● **Your task**
An exact copy of every entry is needed, without the pictures.

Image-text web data
^^^^^^^^

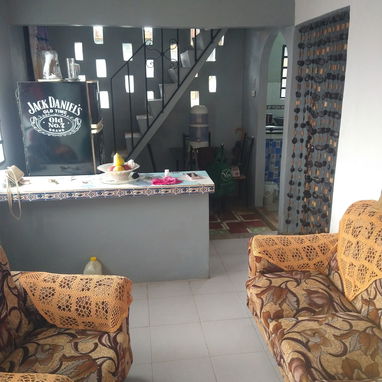 NUEVA CASA PUESTA EN VENTA EN EL MUNICIPIO SAN MIGUEL, ALTURAS DE LUYANO MODERNO. SE VENDE VACIA - Img 119458689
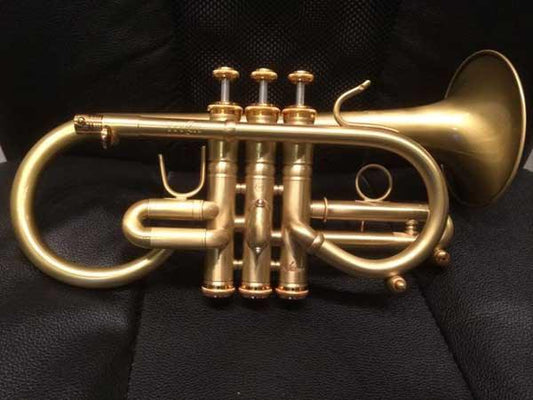 Stomvi Titan Eb Cornet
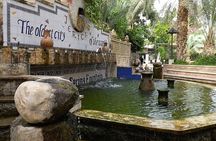 Jericho, Jordan River and Dead Sea Full Day Tour from Jerusalem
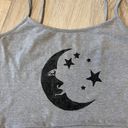 Time And Tru Crescent Moon Cropped Cami  Photo 2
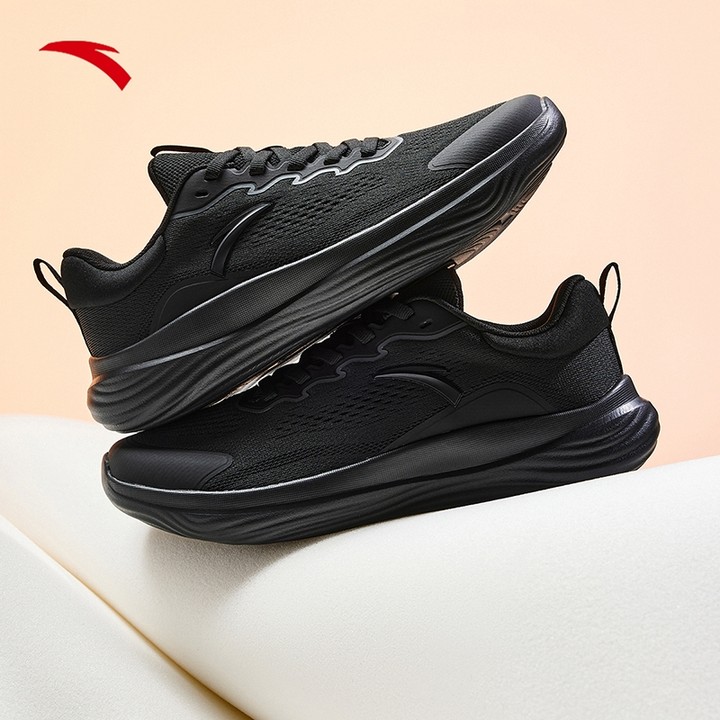 ANTA รองเท้าเทรนนิ่งผู้หญิง กระโดดเชือก ใส่สบาย น้ำหนักเบา 9224C7713 Official Store — รองเท้ากีฬา แบรนด์ Anta ของแท้ 100% เช็คราคาจาก Shopee Lazada thumbnail 5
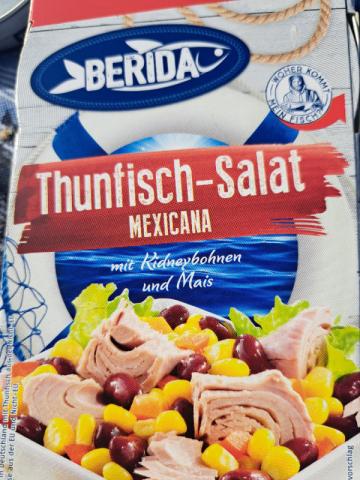 Thunfisch-Salat Mexicana von Manu25 | Hochgeladen von: Manu25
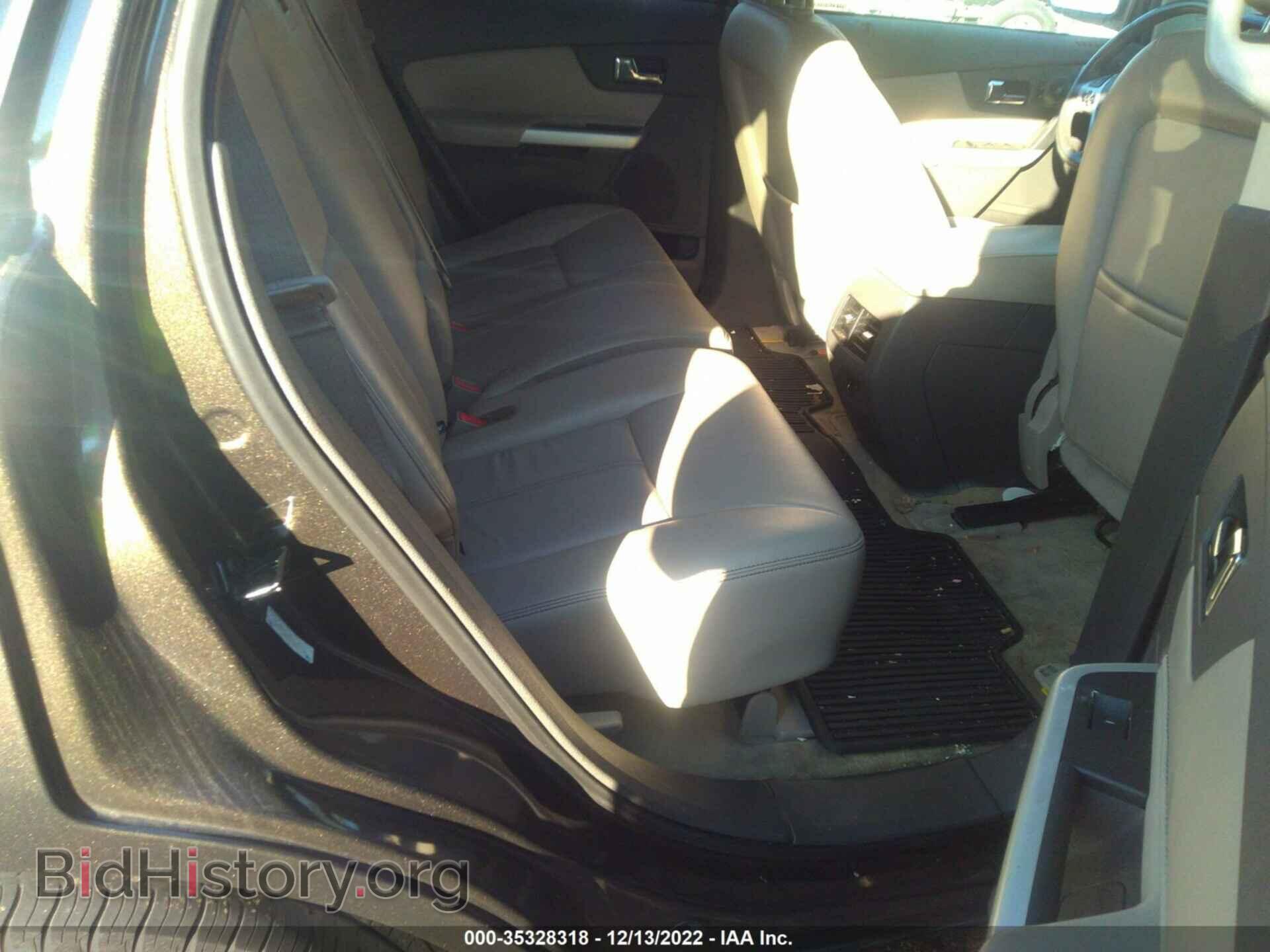 2011 FORD EDGE - VIN: 2FMDK4KC1BBA35735 - Photo 8
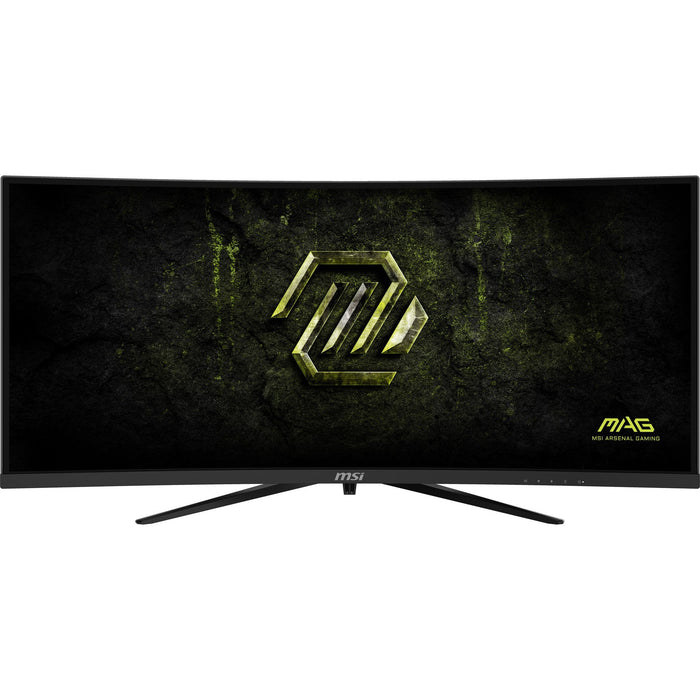 Monitor 34 Cale Mag 342cqrf E20 Uwqhd/Curved/200hz/Czarny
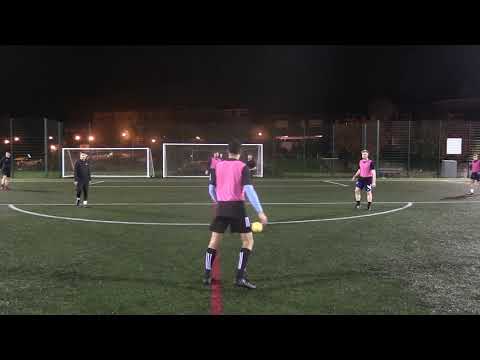 5s | Hotbox FC v BHAB - 05.11.19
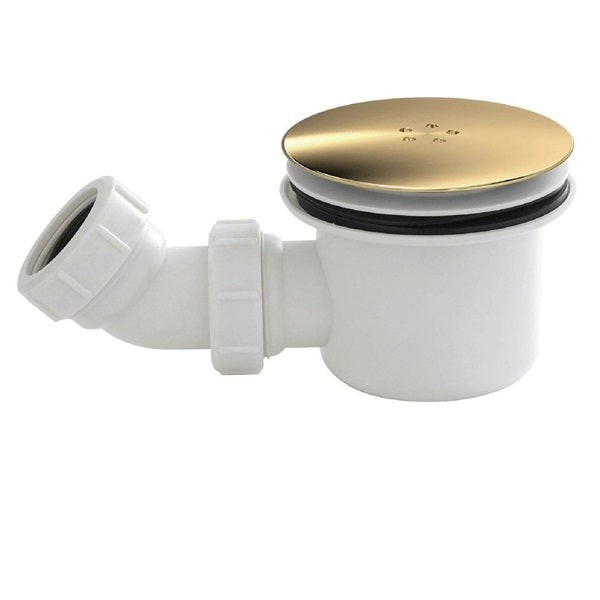 Shiren - 1700 x 700mm - Rectangle Stone Resin Shower Tray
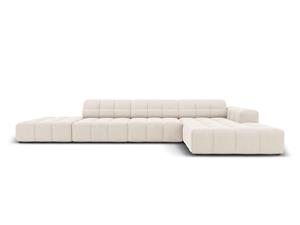Cosmopolitan Design Hoekbank Chicago rechts velvet |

^^^^^^^^

● **Completed exercise**
 NUEVA CASA PUESTA EN VENTA EN EL MUNICIPIO SAN MIGUEL, ALTURAS DE LUYANO MODERNO. SE VENDE VACIA - Img 119458689
 Stomvi Titan Eb Cornet
 Jericho, Jordan River and Dead Sea Full Day Tour from Jerusalem
 Time And Tru Crescent Moon Cropped Cami  Photo 2
 ANTA รองเท้าเทรนนิ่งผู้หญิง กระโดดเชือก ใส่สบาย น้ำหนักเบา 9224C7713 Official Store — รองเท้ากีฬา แบรนด์ Anta ของแท้ 100% เช็คราคาจาก Shopee Lazada thumbnail 5
 Thunfisch-Salat Mexicana von Manu25 | Hochgeladen von: Manu25
 2011 FORD EDGE - VIN: 2FMDK4KC1BBA35735 - Photo 8
 Monitor 34 Cale Mag 342cqrf E20 Uwqhd/Curved/200hz/Czarny
 5s | Hotbox FC v BHAB - 05.11.19
 Shiren - 1700 x 700mm - Rectangle Stone Resin Shower Tray
Cosmopolitan Design Hoekbank Chicago rechts velvet |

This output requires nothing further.